Identity of Willie McBride
According to the song, the gravestone of the soldier, Willie McBride, says he was 19 years old when he died in 1916. According to the Commonwealth War Graves Commission, there were eight soldiers named "William McBride", and a further six listed as "W. McBride", who died in France or Belgium during World War I but none matches the soldier in the song. Two "William McBrides" and one "W. McBride" died in 1916 but one is commemorated in the Thiepval Memorial and has no gravestone. The other two are buried in the Blighty Valley Cemetery near Authuille but one was aged 21 and the age of the other is unknown. All three were from Irish regiments.

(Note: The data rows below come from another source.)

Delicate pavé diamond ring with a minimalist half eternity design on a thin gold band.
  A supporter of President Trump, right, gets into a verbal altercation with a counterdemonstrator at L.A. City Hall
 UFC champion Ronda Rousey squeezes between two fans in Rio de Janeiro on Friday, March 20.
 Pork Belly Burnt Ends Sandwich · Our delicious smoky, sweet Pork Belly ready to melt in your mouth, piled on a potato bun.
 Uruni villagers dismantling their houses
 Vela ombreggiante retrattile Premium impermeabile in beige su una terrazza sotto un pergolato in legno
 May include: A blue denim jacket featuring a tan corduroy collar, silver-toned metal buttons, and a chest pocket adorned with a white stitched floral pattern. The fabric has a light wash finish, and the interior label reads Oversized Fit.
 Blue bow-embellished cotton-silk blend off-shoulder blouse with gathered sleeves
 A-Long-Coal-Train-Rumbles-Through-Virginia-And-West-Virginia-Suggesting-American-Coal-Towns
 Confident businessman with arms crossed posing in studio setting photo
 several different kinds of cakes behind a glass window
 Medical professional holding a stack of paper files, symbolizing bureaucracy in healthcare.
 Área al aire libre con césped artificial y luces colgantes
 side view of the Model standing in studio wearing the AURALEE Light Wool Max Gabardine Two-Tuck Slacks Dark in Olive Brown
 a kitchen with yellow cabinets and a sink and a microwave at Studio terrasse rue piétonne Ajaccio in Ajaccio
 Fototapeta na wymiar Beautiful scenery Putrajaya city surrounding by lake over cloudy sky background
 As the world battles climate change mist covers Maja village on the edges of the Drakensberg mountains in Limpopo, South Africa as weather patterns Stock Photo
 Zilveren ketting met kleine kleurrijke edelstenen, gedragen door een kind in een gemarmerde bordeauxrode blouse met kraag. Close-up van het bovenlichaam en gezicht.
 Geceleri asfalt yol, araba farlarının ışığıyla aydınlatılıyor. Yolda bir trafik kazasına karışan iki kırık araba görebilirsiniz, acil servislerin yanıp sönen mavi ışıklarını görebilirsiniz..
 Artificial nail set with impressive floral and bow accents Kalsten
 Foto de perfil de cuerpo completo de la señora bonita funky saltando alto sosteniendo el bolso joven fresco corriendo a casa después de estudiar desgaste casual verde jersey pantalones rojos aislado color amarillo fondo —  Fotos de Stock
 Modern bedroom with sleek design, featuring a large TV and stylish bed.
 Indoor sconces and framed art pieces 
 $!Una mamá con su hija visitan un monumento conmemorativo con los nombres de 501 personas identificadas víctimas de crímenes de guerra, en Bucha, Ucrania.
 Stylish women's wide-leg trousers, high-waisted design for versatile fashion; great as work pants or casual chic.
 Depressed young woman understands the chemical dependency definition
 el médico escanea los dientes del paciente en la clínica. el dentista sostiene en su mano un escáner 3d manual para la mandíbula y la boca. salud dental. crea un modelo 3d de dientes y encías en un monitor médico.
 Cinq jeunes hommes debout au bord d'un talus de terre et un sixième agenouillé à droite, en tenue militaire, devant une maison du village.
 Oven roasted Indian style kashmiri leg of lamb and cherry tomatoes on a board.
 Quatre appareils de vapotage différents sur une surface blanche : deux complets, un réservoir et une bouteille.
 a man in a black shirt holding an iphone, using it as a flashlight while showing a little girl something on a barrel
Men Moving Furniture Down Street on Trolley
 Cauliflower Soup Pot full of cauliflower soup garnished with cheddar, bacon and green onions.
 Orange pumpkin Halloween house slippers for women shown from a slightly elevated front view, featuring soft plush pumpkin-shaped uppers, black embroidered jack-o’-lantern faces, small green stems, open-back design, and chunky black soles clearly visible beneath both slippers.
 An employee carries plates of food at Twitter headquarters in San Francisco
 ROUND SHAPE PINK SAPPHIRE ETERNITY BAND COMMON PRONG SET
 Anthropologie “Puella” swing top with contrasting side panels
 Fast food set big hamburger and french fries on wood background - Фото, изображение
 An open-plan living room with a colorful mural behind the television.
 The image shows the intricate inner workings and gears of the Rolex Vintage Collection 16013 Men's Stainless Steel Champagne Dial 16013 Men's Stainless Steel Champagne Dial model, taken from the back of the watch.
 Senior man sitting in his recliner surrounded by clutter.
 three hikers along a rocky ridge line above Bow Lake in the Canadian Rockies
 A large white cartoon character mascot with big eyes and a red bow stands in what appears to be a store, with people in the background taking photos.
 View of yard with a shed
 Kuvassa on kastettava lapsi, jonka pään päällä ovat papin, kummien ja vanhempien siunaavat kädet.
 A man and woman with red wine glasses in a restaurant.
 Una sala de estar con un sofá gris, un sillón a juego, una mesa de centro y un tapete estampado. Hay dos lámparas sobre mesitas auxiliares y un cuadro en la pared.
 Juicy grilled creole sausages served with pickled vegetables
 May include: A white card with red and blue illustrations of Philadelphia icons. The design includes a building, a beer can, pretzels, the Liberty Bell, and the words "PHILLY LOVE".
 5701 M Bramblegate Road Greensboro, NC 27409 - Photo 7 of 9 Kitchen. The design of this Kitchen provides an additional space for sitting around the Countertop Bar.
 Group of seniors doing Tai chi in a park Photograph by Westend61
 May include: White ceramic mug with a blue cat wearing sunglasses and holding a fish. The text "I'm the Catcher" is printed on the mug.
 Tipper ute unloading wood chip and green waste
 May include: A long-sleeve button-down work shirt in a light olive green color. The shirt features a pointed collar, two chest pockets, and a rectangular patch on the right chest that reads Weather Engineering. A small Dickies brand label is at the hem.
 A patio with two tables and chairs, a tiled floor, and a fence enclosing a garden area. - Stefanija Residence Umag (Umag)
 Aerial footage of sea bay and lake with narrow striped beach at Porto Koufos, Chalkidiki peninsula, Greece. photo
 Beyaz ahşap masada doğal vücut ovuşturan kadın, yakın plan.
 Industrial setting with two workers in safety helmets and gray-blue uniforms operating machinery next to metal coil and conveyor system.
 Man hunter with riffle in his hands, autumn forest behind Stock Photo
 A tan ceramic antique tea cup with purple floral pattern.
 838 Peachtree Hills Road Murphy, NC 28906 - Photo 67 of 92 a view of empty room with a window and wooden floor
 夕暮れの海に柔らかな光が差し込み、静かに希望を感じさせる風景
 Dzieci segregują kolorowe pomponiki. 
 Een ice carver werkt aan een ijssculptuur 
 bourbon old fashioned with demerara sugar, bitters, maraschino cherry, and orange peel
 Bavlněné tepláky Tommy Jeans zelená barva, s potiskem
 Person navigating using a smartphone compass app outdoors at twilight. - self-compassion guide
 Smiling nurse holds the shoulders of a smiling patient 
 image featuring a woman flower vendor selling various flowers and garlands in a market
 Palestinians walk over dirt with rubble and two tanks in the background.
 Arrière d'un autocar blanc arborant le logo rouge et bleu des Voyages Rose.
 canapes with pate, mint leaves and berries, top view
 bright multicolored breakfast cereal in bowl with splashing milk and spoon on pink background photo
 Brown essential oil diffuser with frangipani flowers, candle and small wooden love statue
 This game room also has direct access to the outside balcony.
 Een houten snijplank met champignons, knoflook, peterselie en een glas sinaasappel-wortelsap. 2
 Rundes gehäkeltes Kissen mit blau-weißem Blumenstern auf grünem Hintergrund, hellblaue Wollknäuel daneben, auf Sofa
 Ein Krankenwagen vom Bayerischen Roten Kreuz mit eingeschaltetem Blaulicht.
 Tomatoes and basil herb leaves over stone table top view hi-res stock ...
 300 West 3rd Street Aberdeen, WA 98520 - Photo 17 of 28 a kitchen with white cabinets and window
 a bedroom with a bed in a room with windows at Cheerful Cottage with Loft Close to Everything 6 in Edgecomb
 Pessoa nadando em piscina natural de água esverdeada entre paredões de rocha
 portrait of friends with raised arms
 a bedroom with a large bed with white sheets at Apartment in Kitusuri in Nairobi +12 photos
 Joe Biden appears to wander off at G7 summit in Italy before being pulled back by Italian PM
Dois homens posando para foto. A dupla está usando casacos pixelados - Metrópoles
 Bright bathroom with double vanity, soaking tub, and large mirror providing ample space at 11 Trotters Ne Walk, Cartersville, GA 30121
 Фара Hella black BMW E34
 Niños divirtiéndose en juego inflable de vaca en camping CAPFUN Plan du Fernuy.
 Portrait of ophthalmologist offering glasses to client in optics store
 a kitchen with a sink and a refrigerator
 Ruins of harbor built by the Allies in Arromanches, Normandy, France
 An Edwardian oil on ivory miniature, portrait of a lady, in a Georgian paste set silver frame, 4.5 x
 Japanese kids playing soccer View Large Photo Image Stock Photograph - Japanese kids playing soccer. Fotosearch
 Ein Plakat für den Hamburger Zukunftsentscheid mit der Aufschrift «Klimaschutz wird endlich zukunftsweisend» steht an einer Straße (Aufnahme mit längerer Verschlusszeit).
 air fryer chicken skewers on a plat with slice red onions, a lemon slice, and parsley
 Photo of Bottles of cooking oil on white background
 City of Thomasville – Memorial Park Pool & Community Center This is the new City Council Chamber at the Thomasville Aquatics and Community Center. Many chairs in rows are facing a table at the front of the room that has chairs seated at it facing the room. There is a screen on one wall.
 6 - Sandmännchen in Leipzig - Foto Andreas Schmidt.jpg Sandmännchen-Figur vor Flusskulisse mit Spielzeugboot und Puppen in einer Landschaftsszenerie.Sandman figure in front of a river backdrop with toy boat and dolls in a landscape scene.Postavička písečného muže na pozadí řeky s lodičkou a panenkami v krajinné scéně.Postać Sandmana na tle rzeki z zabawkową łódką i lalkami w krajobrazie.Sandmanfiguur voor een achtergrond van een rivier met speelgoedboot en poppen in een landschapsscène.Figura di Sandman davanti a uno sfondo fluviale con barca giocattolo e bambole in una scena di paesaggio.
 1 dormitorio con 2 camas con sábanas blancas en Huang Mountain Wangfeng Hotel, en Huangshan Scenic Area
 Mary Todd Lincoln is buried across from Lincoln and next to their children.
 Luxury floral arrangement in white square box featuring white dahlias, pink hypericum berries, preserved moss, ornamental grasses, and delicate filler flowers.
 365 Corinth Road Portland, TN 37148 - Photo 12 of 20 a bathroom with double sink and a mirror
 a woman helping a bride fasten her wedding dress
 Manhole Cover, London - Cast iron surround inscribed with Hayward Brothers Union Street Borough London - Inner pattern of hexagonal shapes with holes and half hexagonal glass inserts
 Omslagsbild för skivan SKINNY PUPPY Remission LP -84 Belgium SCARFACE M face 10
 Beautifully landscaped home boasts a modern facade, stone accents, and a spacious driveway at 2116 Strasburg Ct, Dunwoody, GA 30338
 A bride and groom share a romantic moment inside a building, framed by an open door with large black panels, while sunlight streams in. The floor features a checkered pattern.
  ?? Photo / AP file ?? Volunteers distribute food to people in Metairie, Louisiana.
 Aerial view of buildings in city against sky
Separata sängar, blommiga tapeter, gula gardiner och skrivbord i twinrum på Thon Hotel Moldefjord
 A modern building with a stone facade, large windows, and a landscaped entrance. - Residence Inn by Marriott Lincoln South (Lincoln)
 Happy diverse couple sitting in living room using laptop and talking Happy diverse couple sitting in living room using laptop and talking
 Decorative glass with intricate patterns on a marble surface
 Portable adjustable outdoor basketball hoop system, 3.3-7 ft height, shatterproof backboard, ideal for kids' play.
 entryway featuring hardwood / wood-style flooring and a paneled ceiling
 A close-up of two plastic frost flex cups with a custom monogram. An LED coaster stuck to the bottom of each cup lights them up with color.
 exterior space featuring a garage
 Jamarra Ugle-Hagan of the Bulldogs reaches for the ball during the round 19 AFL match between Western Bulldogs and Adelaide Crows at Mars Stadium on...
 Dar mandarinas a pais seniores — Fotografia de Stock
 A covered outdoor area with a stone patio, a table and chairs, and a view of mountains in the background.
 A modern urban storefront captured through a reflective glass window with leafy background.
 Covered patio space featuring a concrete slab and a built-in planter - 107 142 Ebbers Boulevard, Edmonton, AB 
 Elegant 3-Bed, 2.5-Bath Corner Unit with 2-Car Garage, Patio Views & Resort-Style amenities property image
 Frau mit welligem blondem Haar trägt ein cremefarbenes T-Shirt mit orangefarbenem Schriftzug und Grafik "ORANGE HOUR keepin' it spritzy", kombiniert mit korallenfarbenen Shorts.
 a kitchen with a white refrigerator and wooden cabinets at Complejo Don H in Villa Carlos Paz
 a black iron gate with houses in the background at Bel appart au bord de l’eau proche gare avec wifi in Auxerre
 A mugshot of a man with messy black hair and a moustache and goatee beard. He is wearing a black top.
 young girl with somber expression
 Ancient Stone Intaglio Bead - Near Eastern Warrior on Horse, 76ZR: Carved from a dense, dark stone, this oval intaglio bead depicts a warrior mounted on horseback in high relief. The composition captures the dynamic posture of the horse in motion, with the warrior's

Piet Chielens, coordinator of the In Flanders Fields Museum in Ypres, Belgium, and organizer of yearly peace concerts in Flanders, once checked all 1,700,000 names that are registered with the Commonwealth War Commission. He found no fewer than ten Privates William McBride. Three of these William McBrides fell in 1916; two were members of an Irish Regiment, the Royal Inniskilling Fusiliers, and died more or less in the same spot during the Battle of the Somme in 1916. One was 21, the other 19 years old. The 19-year-old Private William McBride is buried in Blighty Valley Cemetery, near Albert and Beaumont-Hamel, where the Inniskilling Fusilliers were deployed as part of the 29th Division. The 19-year-old Private William McBride can be found at Grave A. 36, near the back of the Cemetery.
The truth may be simpler. "19" and and "1916" are an easy rhyme so his real age and date of death may be different.